The data cyclotron query processing scheme
Presented at the International Conference on Extending Database Technology, Lausanne, Switzerland
Distributed database systems exploit static workload characteristics to steer data fragmentation and data allocation schemes. However, the grand challenge of distributed query processing is to come up with a self-organizing architecture, which exploits all resources to manage the hot data set, minimize query response time, and maximize throughput without global co-ordination. In this paper, we introduce the Data Cyclotron architecture which addresses the challenges using turbulent data movement through a storage ring built from distributed main memory capitalizing modern remote-DMA facilities. Queries assigned to individual nodes interact with the Data Cyclotron by picking up data fragments continuously flowing around, i.e., the hot set.
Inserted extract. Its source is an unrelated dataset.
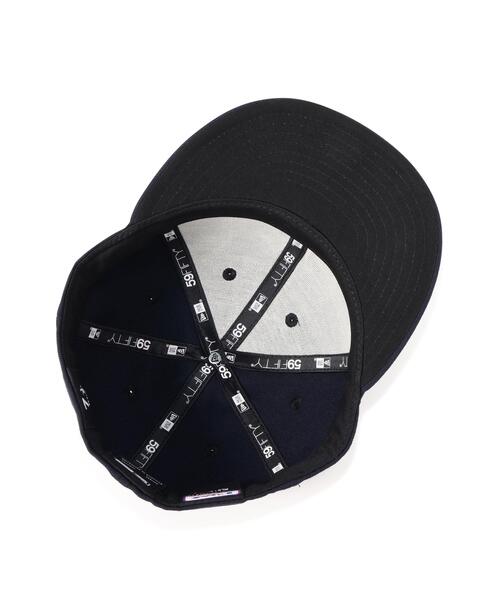 L.H.P（エルエイチピー）の「NEWERA/ニューエラ/Low Profiles 59FIFTY/NY（キャップ・レディース・ネイビー・L/S/M）」の9枚目の写真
Each data fragment carries a level of interest (LOI) metric, which represents the cumulative query interest as the fragment passes around the ring multiple times. A fragment with a LOI below a given threshold, inversely proportional to the ring load, is pulled out to free up resources. This threshold is dynamically adjusted in a distributed manor based on ring characteristics and query needs. It optimizes the resource utilization keeping the average data access delay low. The proposed architecture has a modest impact on existing query execution engines. This is illustrated using an extensive validated simulation study for the Data Cyclotron protocols. The results underpin their robustness in turbulent workload scenarios as well as in the TPC-H scenario. Furthermore, we think that using state-of-the-art network technology, e.g., RDMA, could lead to even more promising results. The Data Cyclotron architecture opens a new vista for modern distributed database architectures with a plethora of research challenges barely scratched upon.
|International Conference on Extending Database Technology|
Pereira Goncalves, R.A, & Kersten, M.L. (2010). The data cyclotron query processing scheme. In Proceedings of International Conference on Extending Database Technology 2010 (EDBT 13) (pp. 75–86). MIT Press.